In “The Modern Hep! Hep! Hep!” — an 1878 essay reflecting on the condition of the Jews — George Eliot noted that it would be “difficult to find a form of bad reasoning about [Jews] which had not been heard in conversation or been admitted to the dignity of print.” She was writing in a period politically not unlike our own, Disraeli ascendant in England, Jews prominent in liberal parties both in Germany and France. Yet her title points to something far deadlier than mere “bad reasoning.” Hep! was the cry of the Crusaders as they swept through Europe, annihilating one Jewish community after another; it stood for Hierosolyma est perdita (Jerusalem is destroyed), and was taken up again by anti-Jewish rioters in Germany in 1819. In this single raging syllable, past and future met, and in her blunt bold enunciation of it, George Eliot was joining bad reasoning — i.e., canard and vilification — to its consequences: violence and murder. The Jews, she wrote, have been “regarded and treated very much as beasts hunted for their skins,” and the curse on them, the charge of deicide, was counted a justification for hindering them from pursuing agriculture and handicrafts; for marking them out as execrable figures by a peculiar dress; for torturing them...spitting at them and pelting them; for taking it certain that they killed and ate babies, poisoned the wells, and took pains to spread the plague; for putting it to them whether they would be baptised or burned, and not failing to burn and massacre them when they were obstinate; but also for suspecting them of disliking their baptism when they had got it, and then burning them in punishment of their insincerity; finally, for hounding them by tens on tens of thousands from their homes where they had found shelter for centuries, and inflicting on them the horrors of a new exile and a new dispersion. All this to avenge the Saviour of mankind, or else to compel these stiff-necked people to acknowledge a Master whose servants showed such beneficent effects of His teaching.

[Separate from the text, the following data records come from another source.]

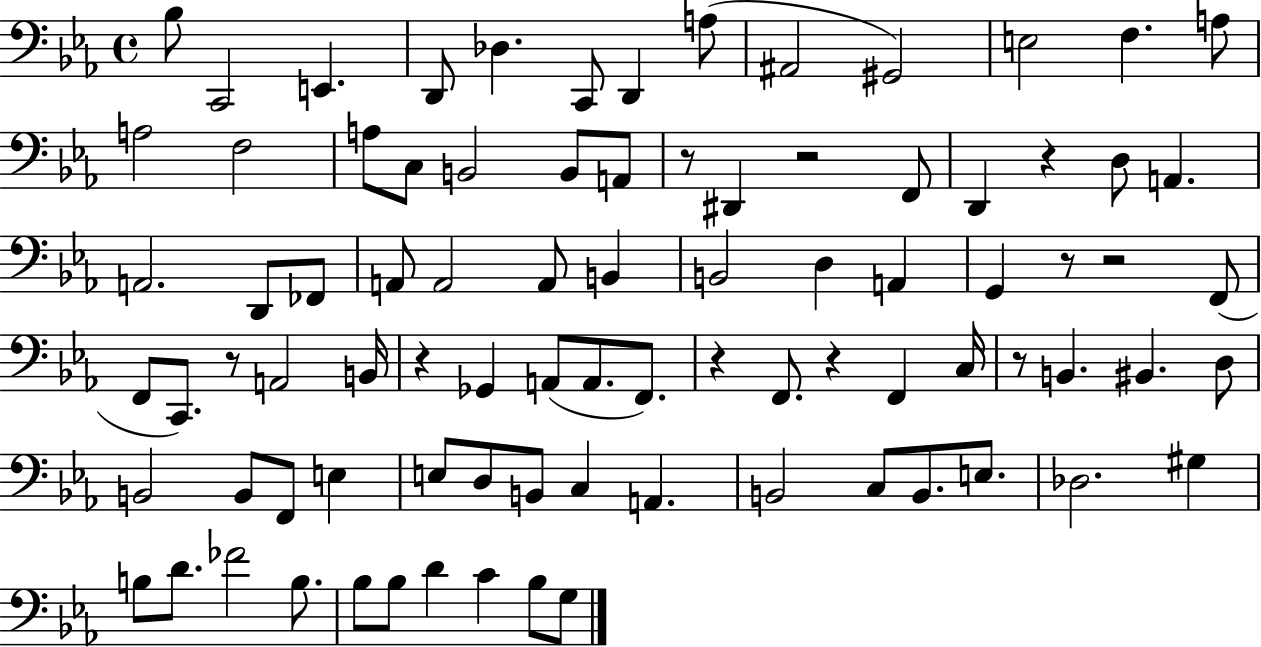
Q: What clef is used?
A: bass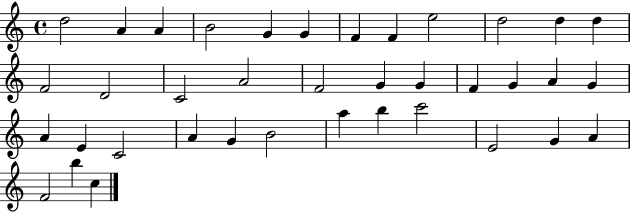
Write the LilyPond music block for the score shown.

{
  \clef treble
  \time 4/4
  \defaultTimeSignature
  \key c \major
  d''2 a'4 a'4 | b'2 g'4 g'4 | f'4 f'4 e''2 | d''2 d''4 d''4 | \break f'2 d'2 | c'2 a'2 | f'2 g'4 g'4 | f'4 g'4 a'4 g'4 | \break a'4 e'4 c'2 | a'4 g'4 b'2 | a''4 b''4 c'''2 | e'2 g'4 a'4 | \break f'2 b''4 c''4 | \bar "|."
}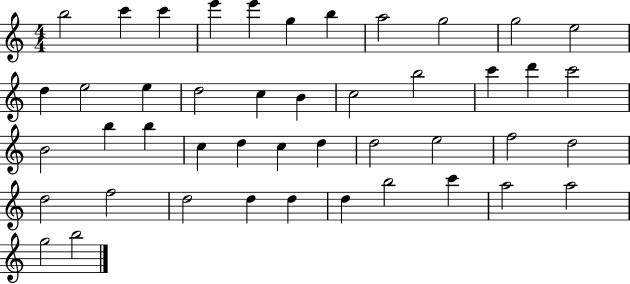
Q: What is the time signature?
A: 4/4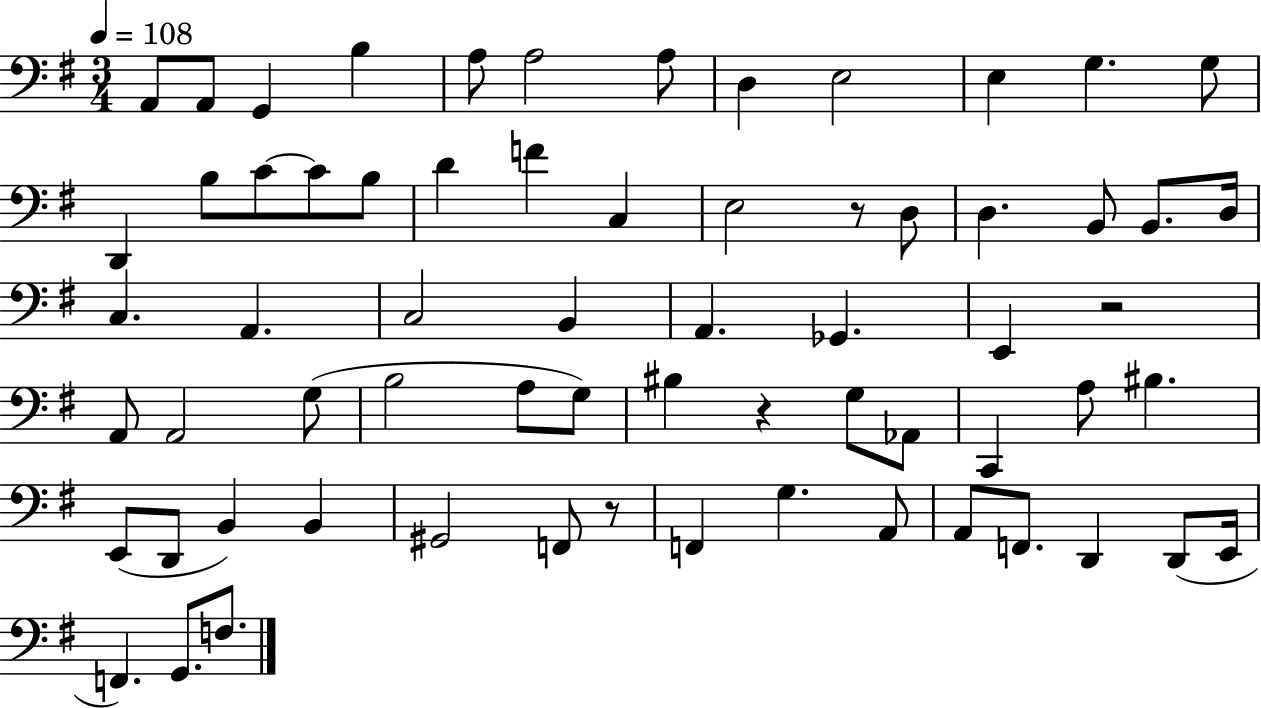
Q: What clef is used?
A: bass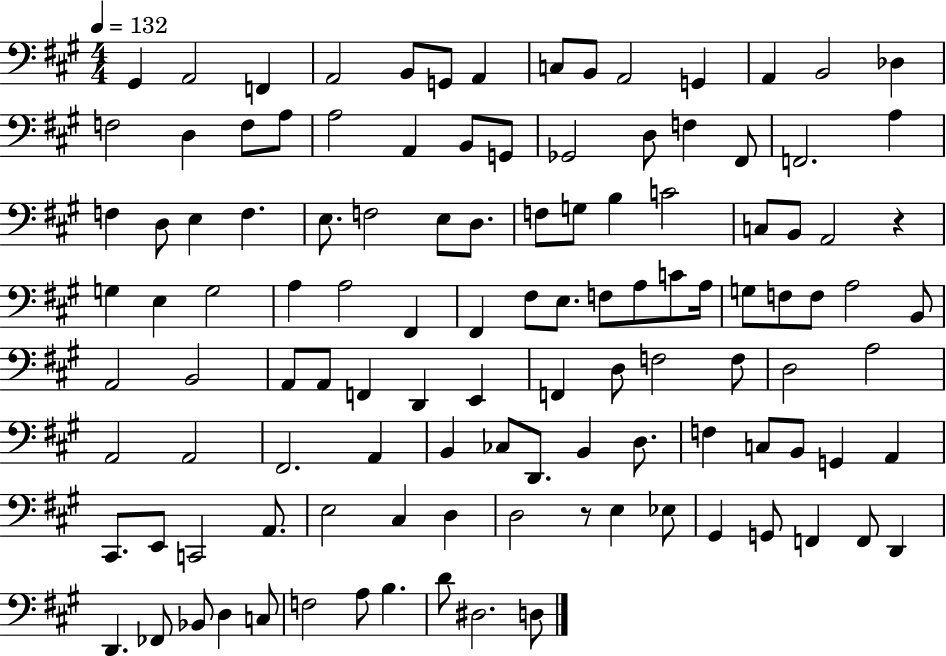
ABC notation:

X:1
T:Untitled
M:4/4
L:1/4
K:A
^G,, A,,2 F,, A,,2 B,,/2 G,,/2 A,, C,/2 B,,/2 A,,2 G,, A,, B,,2 _D, F,2 D, F,/2 A,/2 A,2 A,, B,,/2 G,,/2 _G,,2 D,/2 F, ^F,,/2 F,,2 A, F, D,/2 E, F, E,/2 F,2 E,/2 D,/2 F,/2 G,/2 B, C2 C,/2 B,,/2 A,,2 z G, E, G,2 A, A,2 ^F,, ^F,, ^F,/2 E,/2 F,/2 A,/2 C/2 A,/4 G,/2 F,/2 F,/2 A,2 B,,/2 A,,2 B,,2 A,,/2 A,,/2 F,, D,, E,, F,, D,/2 F,2 F,/2 D,2 A,2 A,,2 A,,2 ^F,,2 A,, B,, _C,/2 D,,/2 B,, D,/2 F, C,/2 B,,/2 G,, A,, ^C,,/2 E,,/2 C,,2 A,,/2 E,2 ^C, D, D,2 z/2 E, _E,/2 ^G,, G,,/2 F,, F,,/2 D,, D,, _F,,/2 _B,,/2 D, C,/2 F,2 A,/2 B, D/2 ^D,2 D,/2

As an anti-Semitic yelp, Hep! is long out of fashion. In the eleventh century it was already a substitution and a metaphor: Jerusalem meant Jews, and “Jerusalem is destroyed” was, when knighthood was in flower, an incitement to pogrom. Today, the modern Hep! appears in the form of Zionism, Israel, Sharon. And the connection between vilification and the will to undermine and endanger Jewish lives is as vigorous as when the howl of Hep! was new. The French ambassador to Britain, his tongue unbuttoned in a London salon, hardly thinks to cry Hep!; instead, he speaks of “that shitty little country.” European and British scholars and academicians, their Latin gone dry, will never cry Hep!; instead they call for the boycott of Israeli scholars and academicians.